__SUPPLIED DATA__:
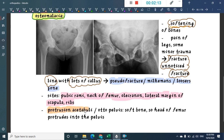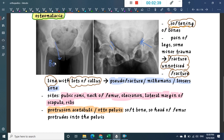There is also something important called protrusion of acetabuli, or Otto pelvis. In this condition, the acetabulum becomes so soft that the head of the femur protrudes into the pelvis — into the acetabulum. This is called protrusion acetabuli.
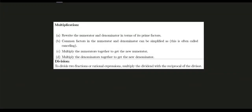Hi, good day everyone. This video is about a quick review of the rules for adding, subtracting, multiplying, and dividing fractions and algebraic expressions.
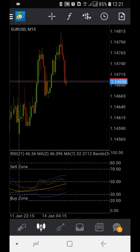You can now see the completed TDI indicator on your mobile. Thank you.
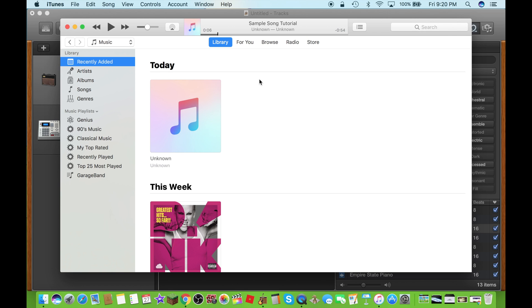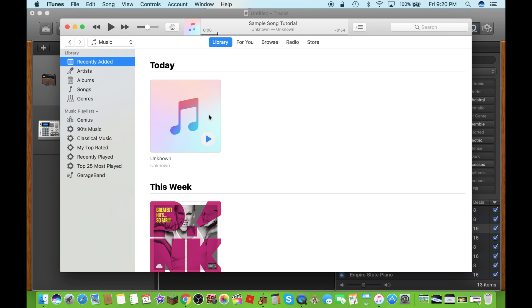So you can transfer the song you made to one of those devices so you can listen to the song you made from GarageBand at anytime you want.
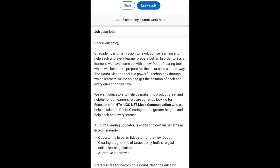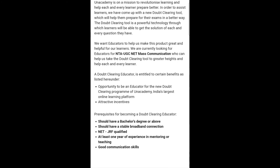A doubt clearing educator is entitled to certain benefits, like attractive incentives and the opportunity to be a great educator on India's largest online platform in an academy. Now let's talk about prerequisites for becoming a doubt clearing educator.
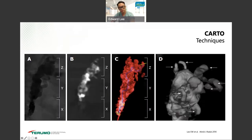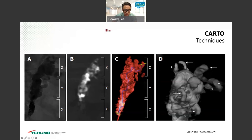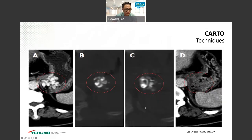We've done several studies using cone beam CT to confirm we got all the varices. On cone beam CT you can see the coil, shunt, and varices. With reconstruction you can see tiny collaterals being embolized with gel foam very easily — whereas with BRTO, these would each need to be individually coil-embolized to prevent leakage of sclerosing agent. This is cone beam CT pre-treatment, and post-treatment showing complete obliteration of varices.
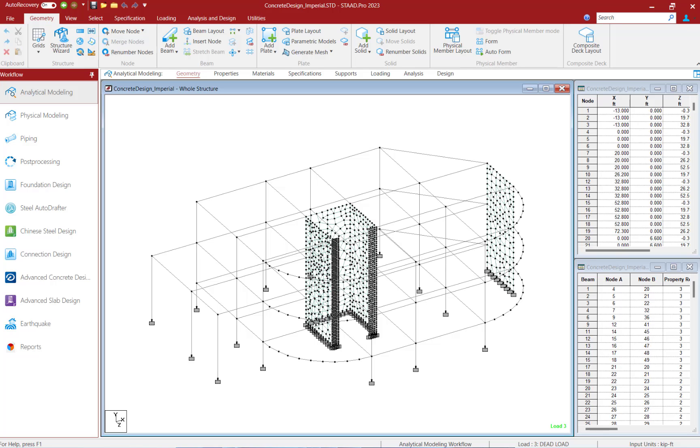Welcome. Today we will show you how to view your plate stress contours in the post processor for a model that has already been analyzed in STAD Pro.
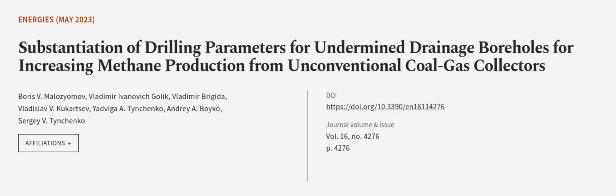This article was authored by Boris V. Malozyumov, Vladimir Ivanovich Golik, Vladimir Brigida, and others.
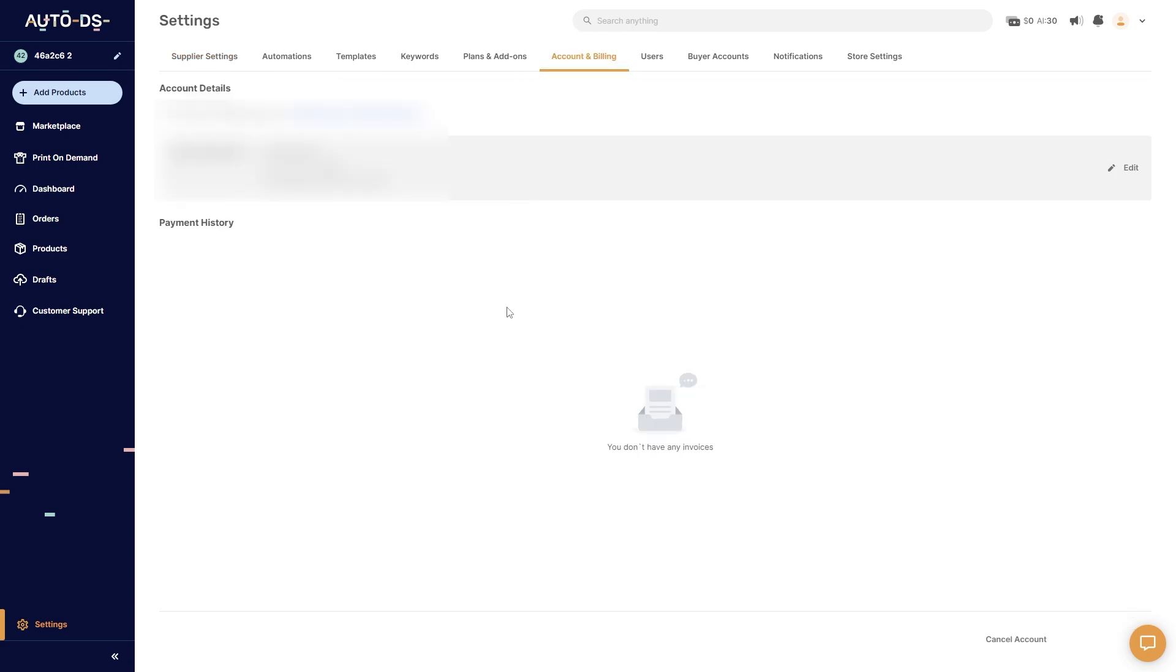From there we'll be able to see our account details such as our email as well as our payment method, but in order to cancel this subscription we have to go into the bottom right corner and you should be able to see this button down here that says cancel account.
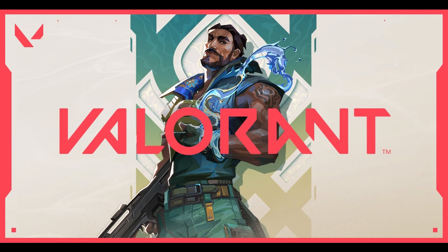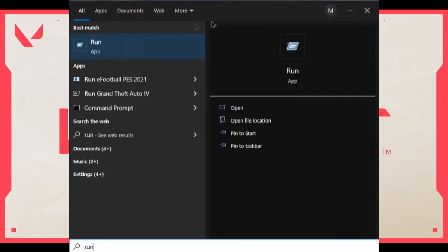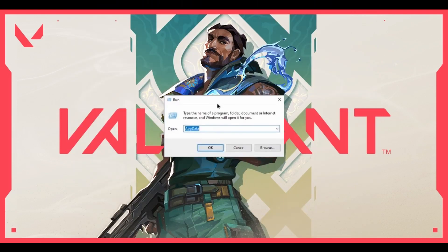That's the first try you can do to solve that bug. But if that doesn't work, what you can do is very simple. First, search on your computer for the Run app, click that, and it opens a little screen.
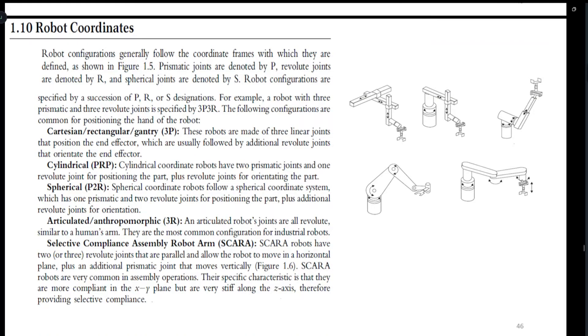Today we are going to discuss robot coordinates. We will discuss the different types of robot coordinates and how they are represented using diagrams, then we will discuss each one of them in detail.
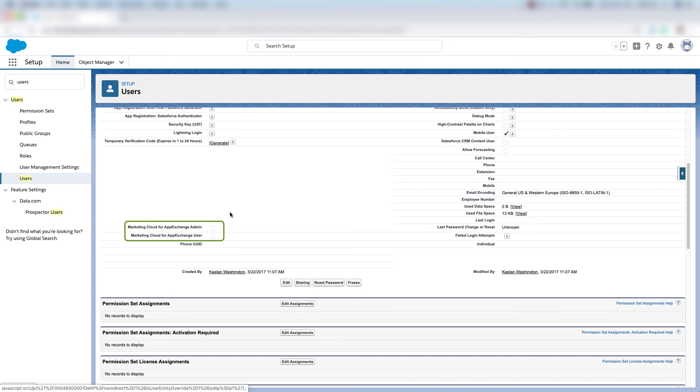So we see that the fields we pulled in to the user page layout are here and where we want them to be. And that's how you modify the user page layout.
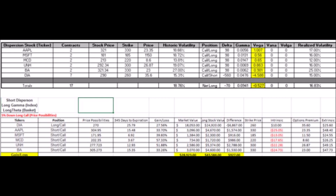If the overall market fell five percent, and each of the components fell five percent — though that typically doesn't happen because they're not a one-to-one beta with the Dow — you would gain about $927 on the trade. You'd have a loss on the DIA of about 27%, but a gain on the Apple short call of about 33%, on the Microsoft short call of about 39%, on the McDonald's short call of about 57%, on the United Health short call of about 51%, and on the Boeing short call of about 33.24%.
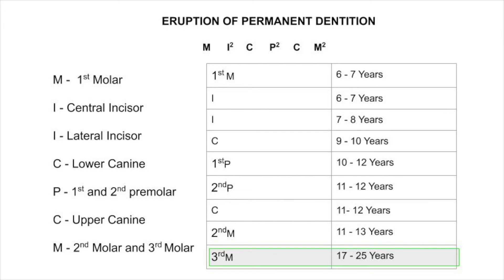An easy way to remember: the first molar and the central incisor both erupt during six to seven years. The lateral incisor erupts during seven to eight years — one year later. The lower canine erupts during nine to ten years.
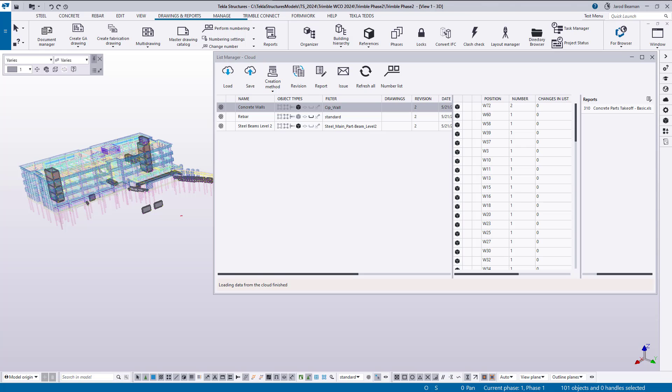Hi, my name is Jared Beam and I'm a sales engineer for Tekla Structures. Today I'll be walking you through the list manager extension that's available on the Tekla warehouse.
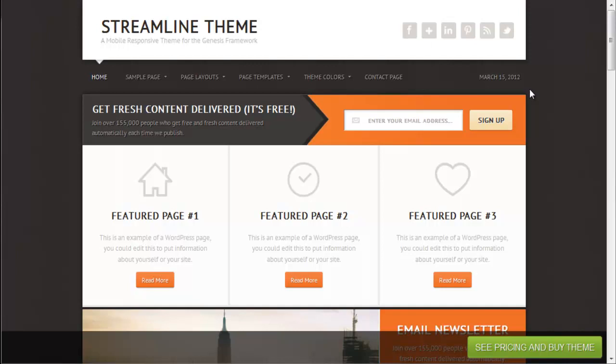Hey John here from B2Web and this is a quick video overview review of the Streamline theme by StudioPress. Here we are looking at a demo.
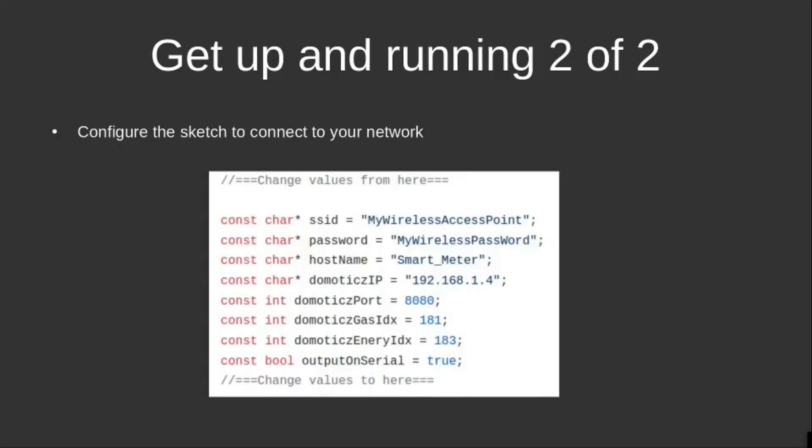Because there's only a few customizations that need to be made in the sketch to make it work in your Domoticz implementation. You change the network SSID and password, you link to your Domoticz implementation and to the devices that you configured for gas and electricity, and off you go.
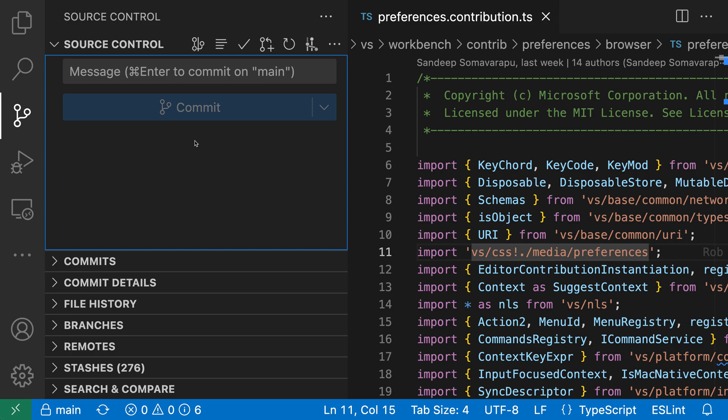Let's take a look here at cleaning up the source control view, but this works for other views as well. So if you know the specific button you want to hide, one option is to go up to the button up here, and then right-click on it.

__TASK DIRECTIONS__:
Every line from the one that contains "Hey John here" through the end of the records above is to be reproduced exactly; no picture goes in the copy.

__FINISHED TASK__:
Hey John here from B2Web and this is a quick video overview review of the Streamline theme by StudioPress. Here we are looking at a demo.
Because there's only a few customizations that need to be made in the sketch to make it work in your Domoticz implementation. You change the network SSID and password, you link to your Domoticz implementation and to the devices that you configured for gas and electricity, and off you go.
Let's take a look here at cleaning up the source control view, but this works for other views as well. So if you know the specific button you want to hide, one option is to go up to the button up here, and then right-click on it.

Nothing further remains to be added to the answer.